One of the pre-eminent, current historiographical debates in Thai history concerns the nature of the “National Revolution” of 1688 and whether it genuinely ushered in a period of xenophobia and retreat from international engagement, with Siam becoming a “hermit kingdom” in the language of the academic literature. Traditionally, historians like Hutchinson have insisted that the country became moved by “a spirit of blind and arrogant self-sufficiency”. Revisionist historians like Anthony Reid would like to suggest that this was not necessarily the case, since relations between Siam and China were strengthened in this period, and that Phetracha (ruled 1688–1703) was not personally motivated by xenophobia but used it to motivate political support.
The European population remaining in Ayutthaya nevertheless suffered considerable hardships when we compare their situation to earlier times. Fernao Mendes Pinto created an enduring myth of the “good king” (bom rei) of Siam, which we can accommodate to the long reign of Narai (ruled 1656–88). Under Phetracha, on the other hand, some of the leading European families were enslaved, and — to quote from a Portuguese document produced shortly after the climactic events — “the college of the Bishop has been turned into a pagoda and the Christians among the local population under the bishop were seized, the King forcing them to apostize.” Of the European trading companies, only the Dutch factory managed to limp on, the French colonial entrepreneur Pierre Poivre reporting in 1745 that “today, the Dutch are the only Europeans who go to trade in Siam”, sending three regular ships from Batavia per annum, plus one East Indiaman that stopped in Siam on its way to Japan. In 1715, the once burgeoning company trade in deerskins came to an abrupt end, as it was decided that the two East Indiamen allowed annually to Deshima would be more profitably laden with other goods taken on board in Batavia. Final closure of the logie (the Dutch trading factory), however, came only in 1765.

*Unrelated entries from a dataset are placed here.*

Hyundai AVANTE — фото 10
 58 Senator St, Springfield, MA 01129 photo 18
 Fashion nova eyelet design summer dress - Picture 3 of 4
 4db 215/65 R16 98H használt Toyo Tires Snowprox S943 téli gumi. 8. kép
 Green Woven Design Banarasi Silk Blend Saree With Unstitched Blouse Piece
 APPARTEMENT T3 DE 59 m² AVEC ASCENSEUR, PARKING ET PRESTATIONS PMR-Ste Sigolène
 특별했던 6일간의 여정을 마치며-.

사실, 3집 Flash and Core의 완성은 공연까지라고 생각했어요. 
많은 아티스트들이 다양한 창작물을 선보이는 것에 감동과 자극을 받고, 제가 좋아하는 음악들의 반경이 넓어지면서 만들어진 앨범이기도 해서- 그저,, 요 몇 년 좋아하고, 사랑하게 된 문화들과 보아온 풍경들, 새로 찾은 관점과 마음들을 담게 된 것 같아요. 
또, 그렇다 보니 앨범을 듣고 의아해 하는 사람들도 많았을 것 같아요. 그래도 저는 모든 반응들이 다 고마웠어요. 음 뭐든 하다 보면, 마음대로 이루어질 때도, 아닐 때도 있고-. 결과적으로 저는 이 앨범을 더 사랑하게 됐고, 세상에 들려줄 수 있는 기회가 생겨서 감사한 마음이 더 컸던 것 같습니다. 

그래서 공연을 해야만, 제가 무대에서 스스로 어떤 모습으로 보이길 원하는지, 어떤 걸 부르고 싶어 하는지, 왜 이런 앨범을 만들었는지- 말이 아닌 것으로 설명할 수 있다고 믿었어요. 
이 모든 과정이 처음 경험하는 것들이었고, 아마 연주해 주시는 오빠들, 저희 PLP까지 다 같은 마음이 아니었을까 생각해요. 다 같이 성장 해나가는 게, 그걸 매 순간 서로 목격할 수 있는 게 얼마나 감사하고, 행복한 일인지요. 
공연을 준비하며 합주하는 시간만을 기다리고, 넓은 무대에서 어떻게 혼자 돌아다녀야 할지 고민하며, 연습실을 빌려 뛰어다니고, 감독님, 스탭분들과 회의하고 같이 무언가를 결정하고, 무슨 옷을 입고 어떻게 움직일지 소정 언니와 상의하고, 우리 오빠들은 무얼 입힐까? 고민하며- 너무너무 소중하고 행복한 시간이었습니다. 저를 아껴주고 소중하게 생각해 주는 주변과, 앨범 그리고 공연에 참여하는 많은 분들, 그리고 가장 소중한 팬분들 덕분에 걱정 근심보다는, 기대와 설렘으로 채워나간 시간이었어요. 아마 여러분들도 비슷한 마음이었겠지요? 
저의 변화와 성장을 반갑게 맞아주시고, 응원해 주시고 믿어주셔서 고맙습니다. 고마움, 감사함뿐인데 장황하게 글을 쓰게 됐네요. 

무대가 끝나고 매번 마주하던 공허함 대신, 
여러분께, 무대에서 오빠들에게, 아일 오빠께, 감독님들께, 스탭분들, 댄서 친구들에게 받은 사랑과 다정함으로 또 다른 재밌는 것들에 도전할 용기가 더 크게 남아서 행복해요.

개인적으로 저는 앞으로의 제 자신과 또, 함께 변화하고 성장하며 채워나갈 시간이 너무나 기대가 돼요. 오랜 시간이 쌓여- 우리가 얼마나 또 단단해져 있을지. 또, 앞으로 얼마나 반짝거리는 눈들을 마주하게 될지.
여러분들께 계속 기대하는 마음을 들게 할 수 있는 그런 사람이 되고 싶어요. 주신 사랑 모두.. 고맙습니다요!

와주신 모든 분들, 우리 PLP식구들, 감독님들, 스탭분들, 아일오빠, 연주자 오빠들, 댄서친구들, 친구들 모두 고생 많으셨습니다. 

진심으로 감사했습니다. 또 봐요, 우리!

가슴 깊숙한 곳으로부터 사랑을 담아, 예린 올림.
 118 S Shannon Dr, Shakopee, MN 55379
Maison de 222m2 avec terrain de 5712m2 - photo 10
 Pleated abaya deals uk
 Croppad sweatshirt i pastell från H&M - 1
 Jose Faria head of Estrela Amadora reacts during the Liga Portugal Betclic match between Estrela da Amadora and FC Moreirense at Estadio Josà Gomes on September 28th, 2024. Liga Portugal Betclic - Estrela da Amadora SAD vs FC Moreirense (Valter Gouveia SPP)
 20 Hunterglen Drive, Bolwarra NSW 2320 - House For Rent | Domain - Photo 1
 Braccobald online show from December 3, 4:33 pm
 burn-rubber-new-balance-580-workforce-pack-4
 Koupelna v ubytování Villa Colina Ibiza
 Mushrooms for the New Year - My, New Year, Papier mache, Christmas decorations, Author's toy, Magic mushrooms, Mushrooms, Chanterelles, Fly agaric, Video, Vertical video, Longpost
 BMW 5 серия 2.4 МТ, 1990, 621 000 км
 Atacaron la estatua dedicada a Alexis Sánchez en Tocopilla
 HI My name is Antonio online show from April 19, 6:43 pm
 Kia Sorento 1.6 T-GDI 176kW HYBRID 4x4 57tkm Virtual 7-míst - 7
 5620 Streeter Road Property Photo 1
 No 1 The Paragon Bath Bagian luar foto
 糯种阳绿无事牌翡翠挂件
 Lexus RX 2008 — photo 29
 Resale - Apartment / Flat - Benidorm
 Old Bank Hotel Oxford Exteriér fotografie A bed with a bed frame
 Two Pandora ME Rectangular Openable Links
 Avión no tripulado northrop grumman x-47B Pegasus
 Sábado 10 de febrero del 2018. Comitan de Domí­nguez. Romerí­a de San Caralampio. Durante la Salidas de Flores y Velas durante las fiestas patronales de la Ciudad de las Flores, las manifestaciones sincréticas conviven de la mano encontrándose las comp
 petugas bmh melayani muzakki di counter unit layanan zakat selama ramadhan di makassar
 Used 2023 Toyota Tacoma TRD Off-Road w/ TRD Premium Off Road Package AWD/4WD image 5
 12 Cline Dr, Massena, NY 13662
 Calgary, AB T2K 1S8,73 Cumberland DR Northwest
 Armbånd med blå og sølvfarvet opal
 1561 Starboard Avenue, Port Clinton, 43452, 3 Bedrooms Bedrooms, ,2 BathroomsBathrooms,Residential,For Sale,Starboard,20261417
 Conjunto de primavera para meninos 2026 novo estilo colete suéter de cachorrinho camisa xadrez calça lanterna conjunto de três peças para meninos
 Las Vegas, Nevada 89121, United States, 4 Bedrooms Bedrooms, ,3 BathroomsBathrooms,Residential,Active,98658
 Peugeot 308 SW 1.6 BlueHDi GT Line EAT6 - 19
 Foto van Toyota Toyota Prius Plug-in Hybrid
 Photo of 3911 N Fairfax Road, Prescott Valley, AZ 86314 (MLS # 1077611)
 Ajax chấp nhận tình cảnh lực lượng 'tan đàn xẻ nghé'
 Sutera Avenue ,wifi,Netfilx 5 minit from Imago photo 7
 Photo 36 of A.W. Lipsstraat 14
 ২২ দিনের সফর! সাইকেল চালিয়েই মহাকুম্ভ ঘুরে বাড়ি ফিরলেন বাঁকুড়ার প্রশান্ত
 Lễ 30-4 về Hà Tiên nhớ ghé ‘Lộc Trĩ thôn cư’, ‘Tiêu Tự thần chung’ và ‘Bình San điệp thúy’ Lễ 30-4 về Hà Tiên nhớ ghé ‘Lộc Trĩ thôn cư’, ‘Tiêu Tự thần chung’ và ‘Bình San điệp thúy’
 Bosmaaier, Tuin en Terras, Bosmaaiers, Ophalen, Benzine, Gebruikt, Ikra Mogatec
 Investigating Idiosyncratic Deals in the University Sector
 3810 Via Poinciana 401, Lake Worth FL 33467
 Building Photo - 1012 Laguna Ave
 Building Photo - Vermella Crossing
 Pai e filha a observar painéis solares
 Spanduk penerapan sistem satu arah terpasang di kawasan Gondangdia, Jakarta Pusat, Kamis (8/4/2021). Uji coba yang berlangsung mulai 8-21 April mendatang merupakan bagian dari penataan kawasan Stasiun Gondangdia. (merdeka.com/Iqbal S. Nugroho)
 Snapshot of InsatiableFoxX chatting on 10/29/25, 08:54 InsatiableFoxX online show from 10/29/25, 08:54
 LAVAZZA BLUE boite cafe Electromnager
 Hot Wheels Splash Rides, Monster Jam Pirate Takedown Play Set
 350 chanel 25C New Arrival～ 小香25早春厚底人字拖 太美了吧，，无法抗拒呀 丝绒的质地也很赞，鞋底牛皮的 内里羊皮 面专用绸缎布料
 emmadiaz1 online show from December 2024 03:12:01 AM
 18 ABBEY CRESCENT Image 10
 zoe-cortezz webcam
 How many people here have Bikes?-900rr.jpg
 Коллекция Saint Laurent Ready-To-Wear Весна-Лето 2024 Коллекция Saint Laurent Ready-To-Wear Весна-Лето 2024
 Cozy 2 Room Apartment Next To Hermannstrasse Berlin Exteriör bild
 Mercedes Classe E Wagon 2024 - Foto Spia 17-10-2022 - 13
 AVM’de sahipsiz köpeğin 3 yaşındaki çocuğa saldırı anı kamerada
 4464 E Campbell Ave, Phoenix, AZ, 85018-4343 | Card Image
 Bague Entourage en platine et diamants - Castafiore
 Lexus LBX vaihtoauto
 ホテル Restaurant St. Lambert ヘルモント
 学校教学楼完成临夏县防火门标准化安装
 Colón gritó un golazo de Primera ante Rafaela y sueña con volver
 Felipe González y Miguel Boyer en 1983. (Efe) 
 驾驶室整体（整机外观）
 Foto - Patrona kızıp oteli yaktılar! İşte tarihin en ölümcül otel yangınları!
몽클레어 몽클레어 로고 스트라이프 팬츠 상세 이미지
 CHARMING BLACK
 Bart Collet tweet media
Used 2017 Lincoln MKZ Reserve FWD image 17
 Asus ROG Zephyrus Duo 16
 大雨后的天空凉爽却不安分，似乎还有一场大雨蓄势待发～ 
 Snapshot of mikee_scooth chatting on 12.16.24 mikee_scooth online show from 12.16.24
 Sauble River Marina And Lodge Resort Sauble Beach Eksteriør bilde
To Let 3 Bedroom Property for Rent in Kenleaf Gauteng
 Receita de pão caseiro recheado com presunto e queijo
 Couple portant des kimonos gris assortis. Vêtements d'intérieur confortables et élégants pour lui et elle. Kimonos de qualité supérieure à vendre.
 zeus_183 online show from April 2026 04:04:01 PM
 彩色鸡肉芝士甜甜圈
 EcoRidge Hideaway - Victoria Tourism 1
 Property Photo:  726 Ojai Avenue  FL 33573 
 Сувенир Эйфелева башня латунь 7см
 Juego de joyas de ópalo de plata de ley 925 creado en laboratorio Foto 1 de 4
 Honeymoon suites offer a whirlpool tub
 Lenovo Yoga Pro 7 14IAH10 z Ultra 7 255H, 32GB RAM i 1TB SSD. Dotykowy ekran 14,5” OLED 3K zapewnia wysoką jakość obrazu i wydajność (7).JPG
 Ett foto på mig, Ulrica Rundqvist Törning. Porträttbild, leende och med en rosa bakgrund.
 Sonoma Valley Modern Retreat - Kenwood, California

Thai historiography traditionally does not really accept, or even engage, with the debate about xenophobia and long-term retreat and presents circumstances in Siam at the time as peaceable and stable in this period. King Taisra (1709–33) is seen to have enjoyed a peaceful, twenty-four-year reign, punctuated only by an “intervention in the internal affairs of Cambodia in 1717 in order to maintain overlordship”.